» **WHAT TO WORK ON**
Given the listing below, write out exactly the lines starting with the line that has "Protector De Pantalla" and going on through the line that has "Double Double Bonus Poker 10 Hand", both kept.

» **RECORDS SUPPLIED**

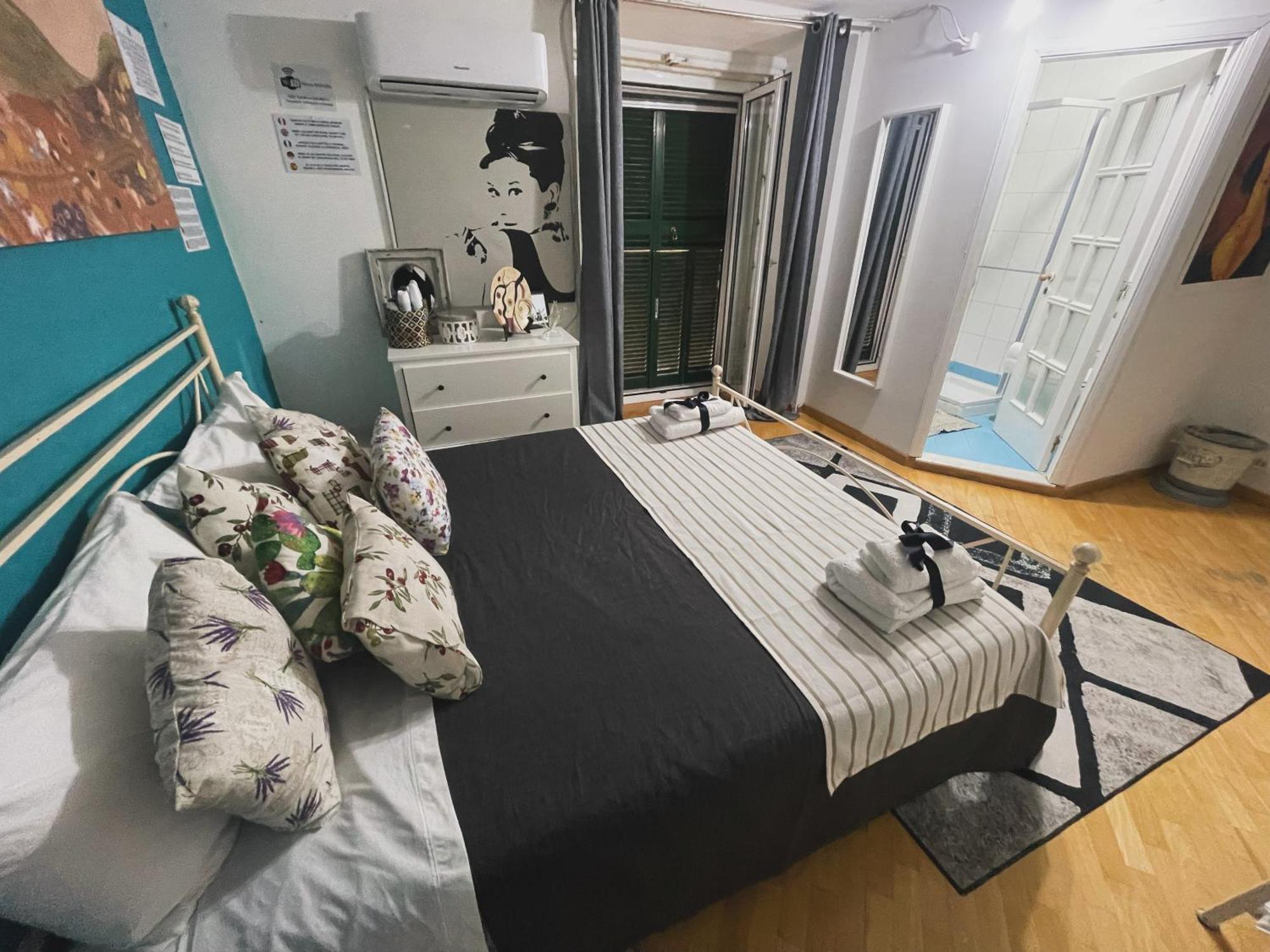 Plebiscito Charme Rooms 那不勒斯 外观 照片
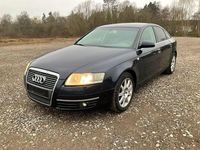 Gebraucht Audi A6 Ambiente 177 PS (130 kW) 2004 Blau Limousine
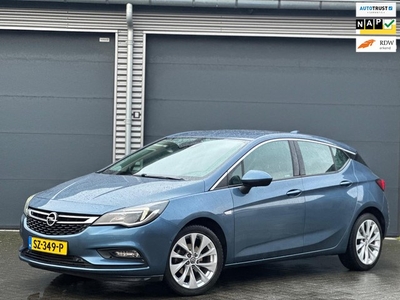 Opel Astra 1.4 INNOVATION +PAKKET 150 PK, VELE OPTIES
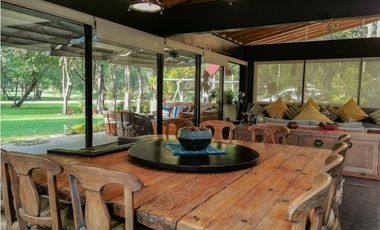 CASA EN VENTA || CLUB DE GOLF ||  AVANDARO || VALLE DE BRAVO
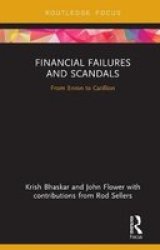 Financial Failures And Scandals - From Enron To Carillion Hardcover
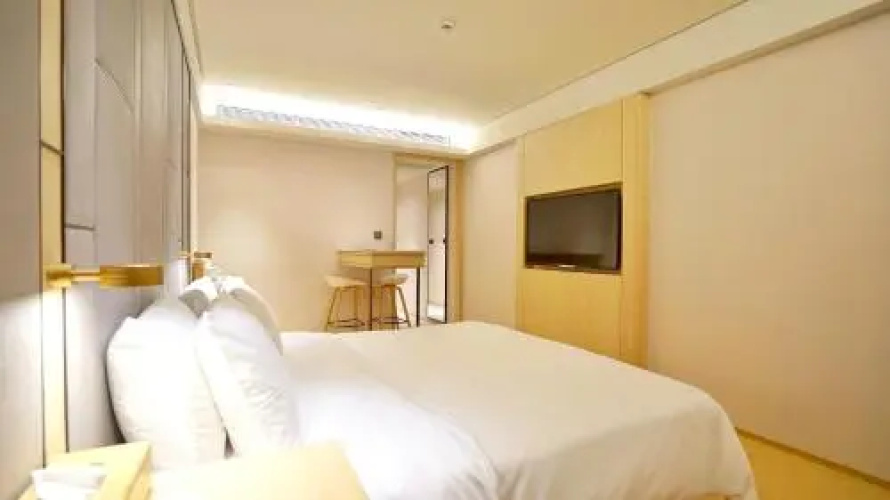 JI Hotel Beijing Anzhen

==

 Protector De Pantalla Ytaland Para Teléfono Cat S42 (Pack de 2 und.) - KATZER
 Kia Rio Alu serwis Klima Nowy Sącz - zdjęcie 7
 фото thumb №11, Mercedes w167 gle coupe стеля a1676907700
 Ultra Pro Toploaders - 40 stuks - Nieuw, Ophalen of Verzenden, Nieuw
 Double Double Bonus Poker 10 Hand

» **SOLUTION FOR THIS PROBLEM**
 Protector De Pantalla Ytaland Para Teléfono Cat S42 (Pack de 2 und.) - KATZER
 Kia Rio Alu serwis Klima Nowy Sącz - zdjęcie 7
 фото thumb №11, Mercedes w167 gle coupe стеля a1676907700
 Ultra Pro Toploaders - 40 stuks - Nieuw, Ophalen of Verzenden, Nieuw
 Double Double Bonus Poker 10 Hand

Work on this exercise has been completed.